Una splendida villa settecentesca, la vicinanza con Milano, un pubblico selezionato ed internazionale, c’erano tutte le premesse per un evento da sballo e così è stato. Poco importa se Terraforma si è trasformato da quello che voleva essere - una kermesse di sostenibilità e sperimentazione - nel solito delirio di pupille dilatate e corpi che si muovo al ritmo di elettronica.
L’atmosfera del giorno era rilassata come quella di un festival hippie: musica etnica, gente distesa nei prati e nelle tende dell’area campeggio, ma più ci si avvicinava alla notte più il lato “sintetico” del party iniziava a farsi sentire.

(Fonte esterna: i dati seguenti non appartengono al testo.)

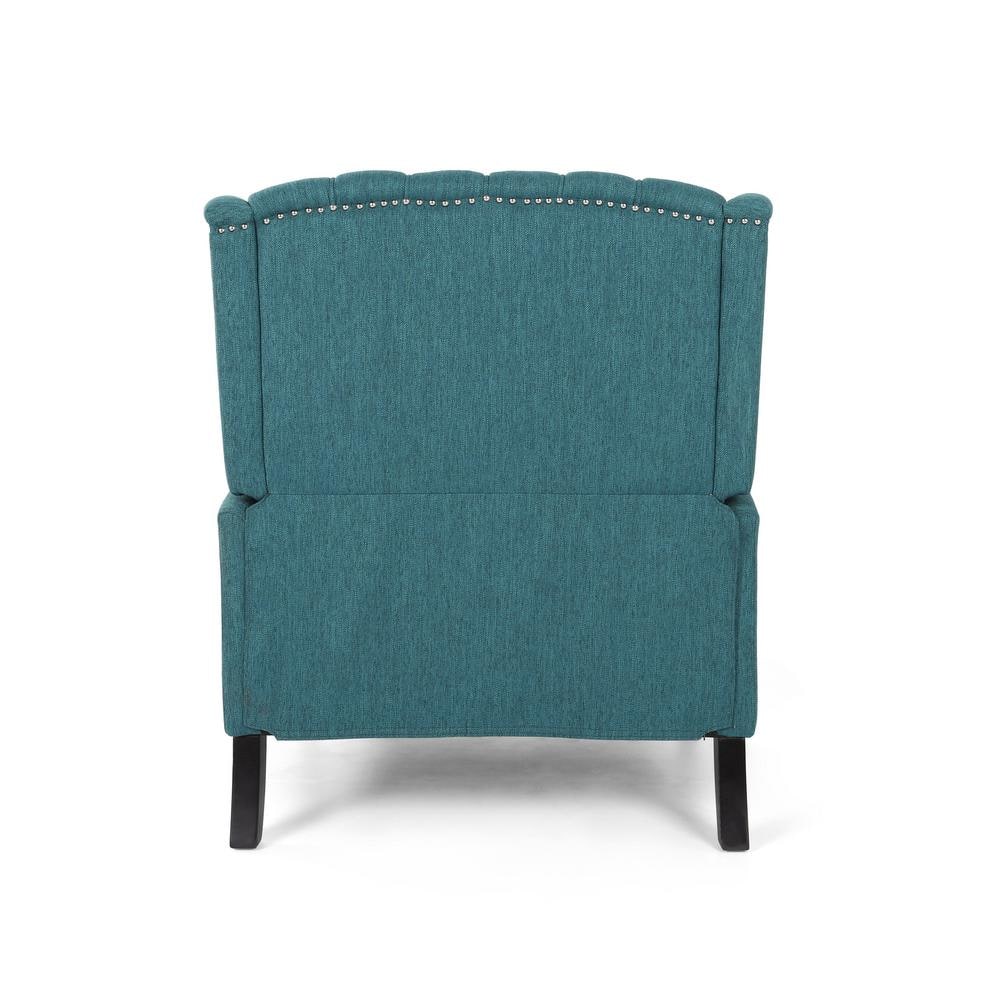 Oversized Blue Faux Wood Wingback Recliner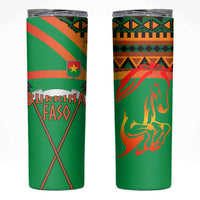 Burkina Faso Skinny Tumbler with Green Tribal Pattern Design and National Flag Motif - Wonder Print Shop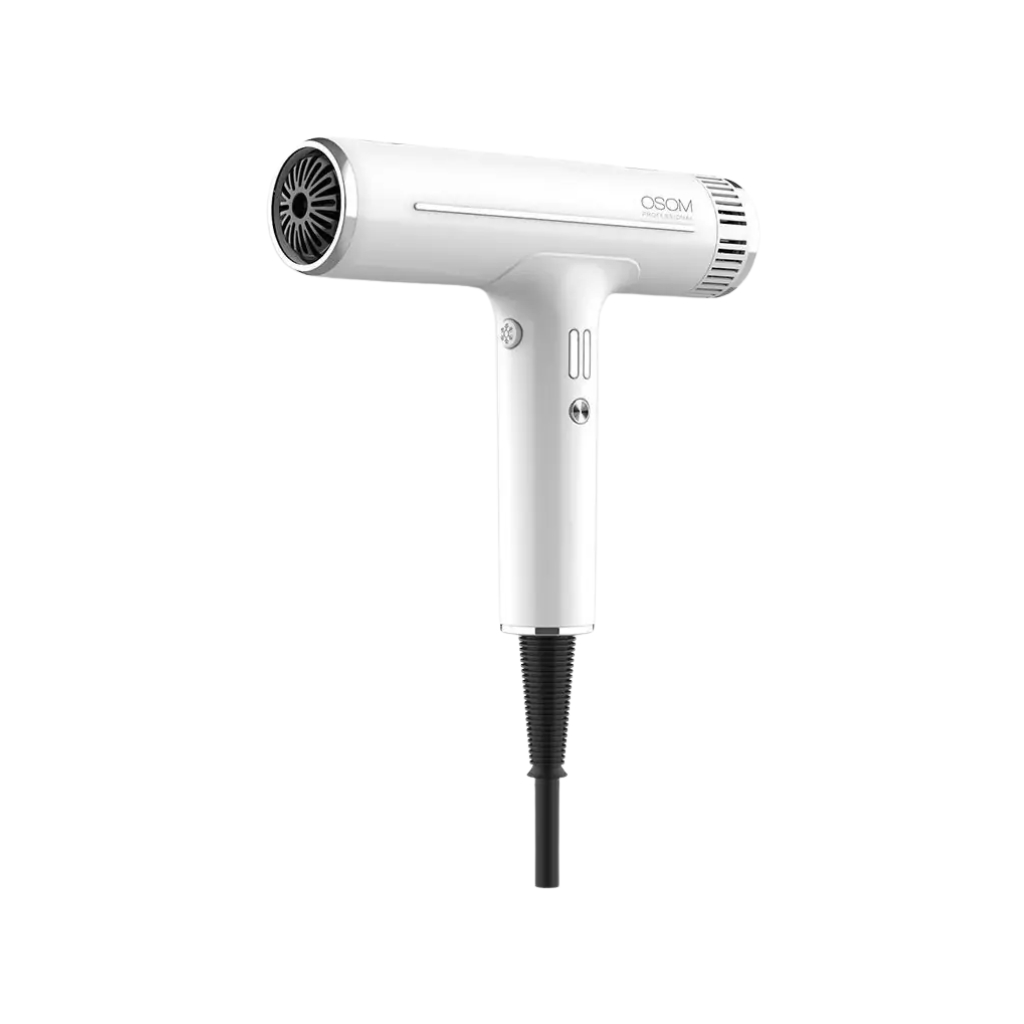 Osom Professional plaukų džiovintuvas Hair DryerHair Dryer OSOMDF06HDWH, ilgaamžis BLDC variklis su jonais, 1800 W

La smania di scatenarsi era nell’aria e sabato sera alle 10, alla spettacolare performance di suoni e luci del collettivo Otolab, c’era già chi si lamentava di non essersi calato l’Mdma per godere appieno dell’esperienza pseudo-mistica dello spettacolo. Ma era solo l’inizio.

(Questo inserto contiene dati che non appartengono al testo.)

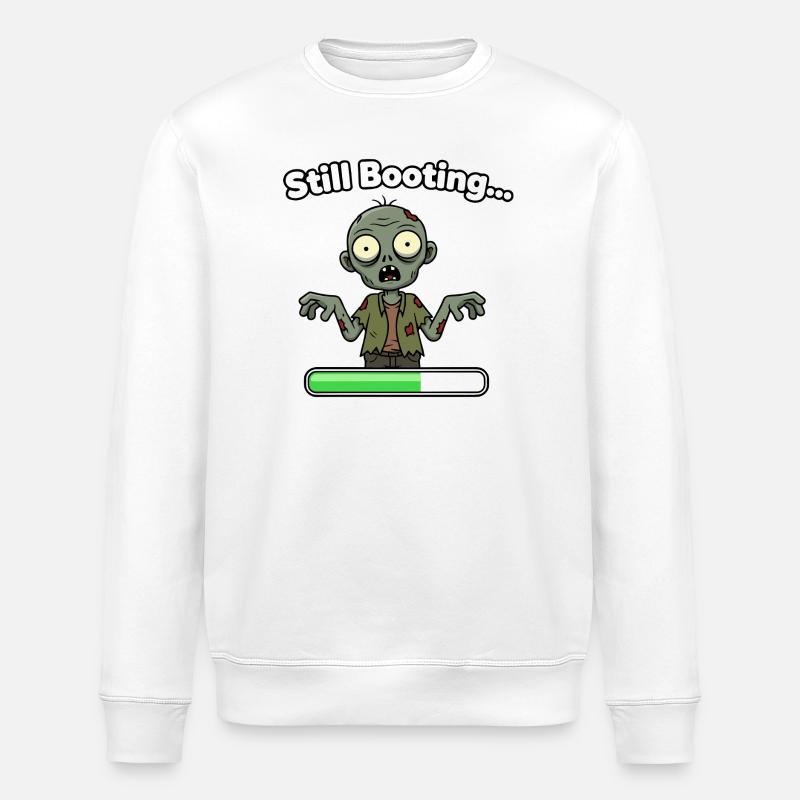 Zombie Still Booting Loading Bar - Stanley/Stella ROLLER Unisex Organic Sweatshirt - white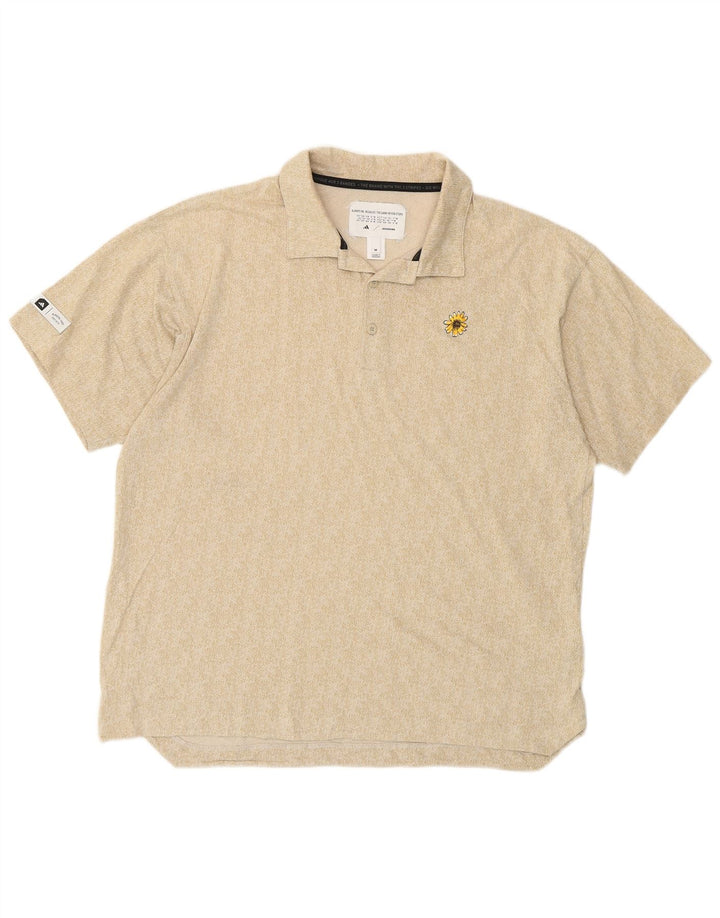Polo Adidas da uomo a tre strisce in cotone screziato beige medio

Entrati nel vivo della serata, Robert Lippok ha iniziato a martellare alla consolle e a quel punto non c’è più stato niente da fare: bottigliette d’acqua ovunque (con Mdma si può solo bere acqua), bicchieri abbandonati a terra e sui tavoli, il connubio con la natura era durato abbastanza, ora i ragazzi volevano solo ballare e sballare. D’altronde questo era il punto d’arrivo, dimostrare fino a quando la festa avrebbe retto senza ricorrere alle armi – chimiche - della città.
terraforma 2014
ruggero pietromarchi di terraforma
Da una parte i workshop sensoriali, il campeggio, le performance artistiche, dall’altro la spazzatura abbandonata sui tavoli, le prese multiple per ricaricare i cellulari – IPhone 6 – e la musica sparata a cannone. Che cosa voleva il pubblico di Terraforma? La sensazione di libertà e comunione con la natura ma senza rinunciare alla connessione internet e al barista pronto a serviti il prossimo Moscow Mule. Un’ondata di hipster e radical con barbe, occhiali e cappellini compravano i coin (la moneta del festival) strisciando carte di credito “black” e bevendo lo champagne che si erano portati nella busta di plastica.

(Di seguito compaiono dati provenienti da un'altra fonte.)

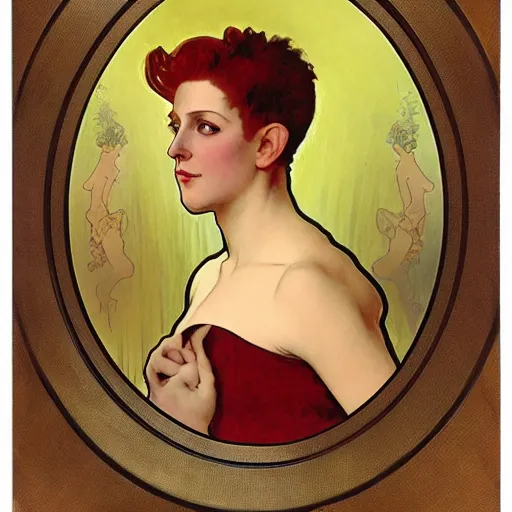 Prompt: portrait of a nonbinary actor with tanned skin and spiky short red hair wearing a men's suit, she has elf ears and gold eyes, by Alphonse Mucha and Grant Wood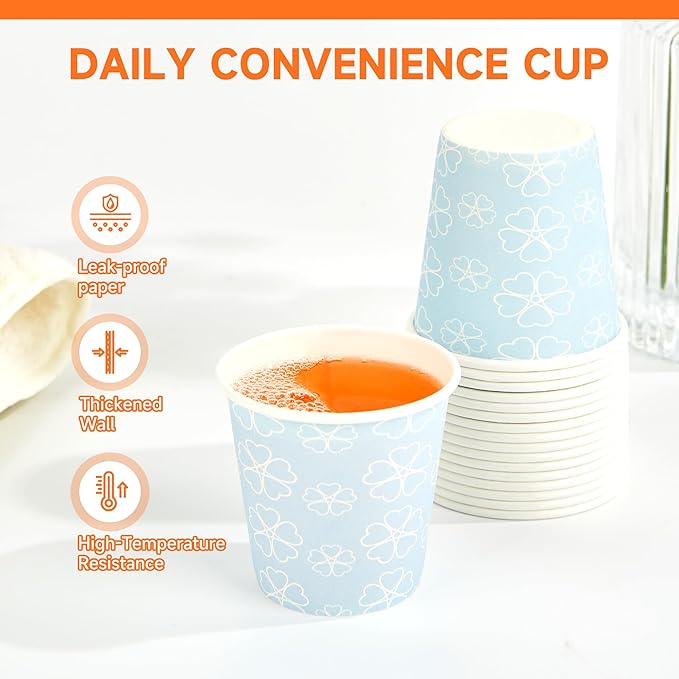 600 Pack 3 oz Bathroom Cups, Disposable Paper Cups with Rolled Rim, Small Paper Mouthwash Cup for Guest Bathrooms, Vanity & Office Use, Mist blue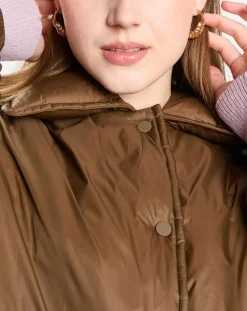 Parka boutons nylon marron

Il festival ha compiuto egregiamente la sua missione. La seconda edizione è riuscita, nonostante previsioni meteo infami che rischiavano di mandare tutto all’aria, grazie ad un’organizzazione ottima e sponsor di alto livello tra cui Carhartt, Feltrinelli, il Comune di Bollate, oltre a Borotalco e Autan che hanno fornito gratuitamente i loro prodotti per difendersi dalla vita da camping.
L’unico risentimento è che una parte del budget sarà spesa per ripulire tutto dopo che, nel down di una domenica mattina di pioggia, i leoni del sabato sera hanno abbandonato il cadavere infangato e calpestato del parco di Villa Arconati senza neanche dire grazie.